[Work item]
The line containing "Kids visiting the CMS table" and each line after it, through the final line of the data, are to be retyped exactly, with pictures left out.

Stored entries
=== Section Start ===

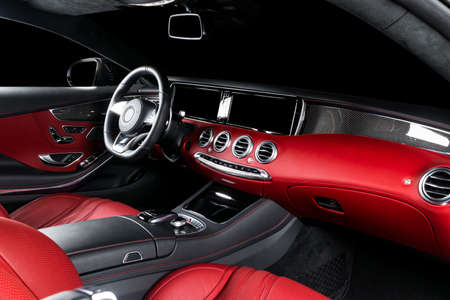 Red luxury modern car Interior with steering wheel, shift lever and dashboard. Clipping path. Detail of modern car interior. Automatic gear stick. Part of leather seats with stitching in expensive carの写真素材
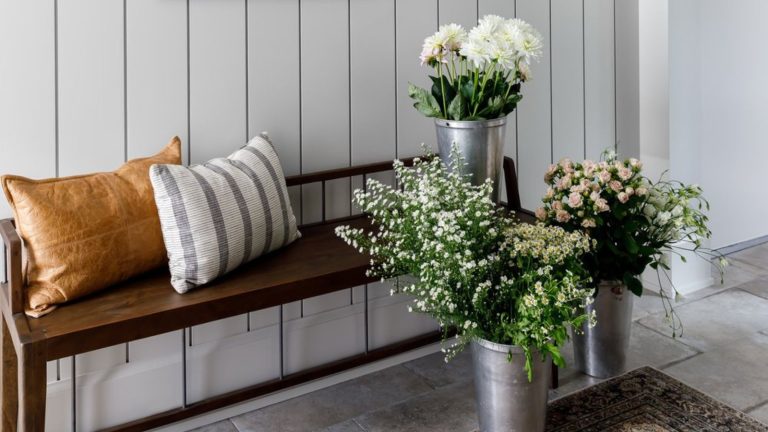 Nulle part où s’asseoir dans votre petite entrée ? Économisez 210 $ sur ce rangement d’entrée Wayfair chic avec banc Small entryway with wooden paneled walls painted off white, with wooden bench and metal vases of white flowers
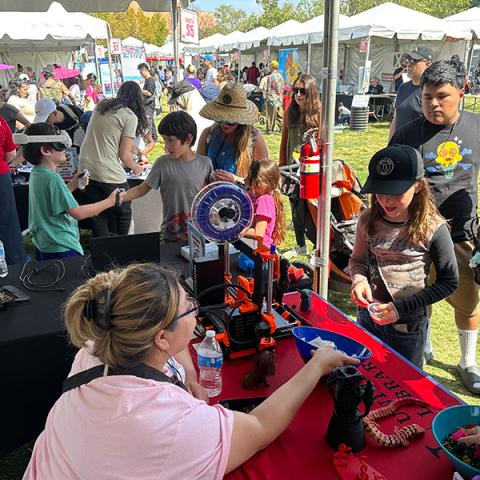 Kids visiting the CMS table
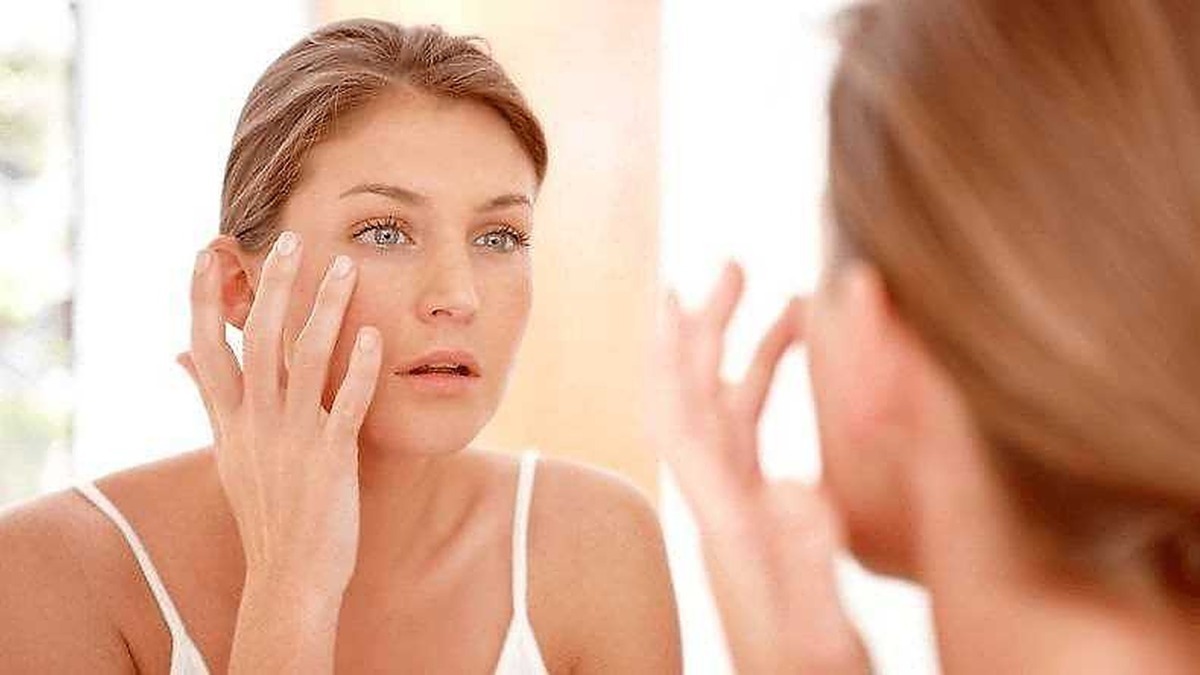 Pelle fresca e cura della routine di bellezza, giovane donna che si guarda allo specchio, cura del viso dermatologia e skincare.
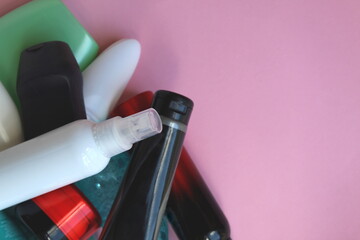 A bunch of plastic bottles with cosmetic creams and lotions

=== Section End ===

[Output for this exercise]
 Kids visiting the CMS table
 Pelle fresca e cura della routine di bellezza, giovane donna che si guarda allo specchio, cura del viso dermatologia e skincare.
 A bunch of plastic bottles with cosmetic creams and lotions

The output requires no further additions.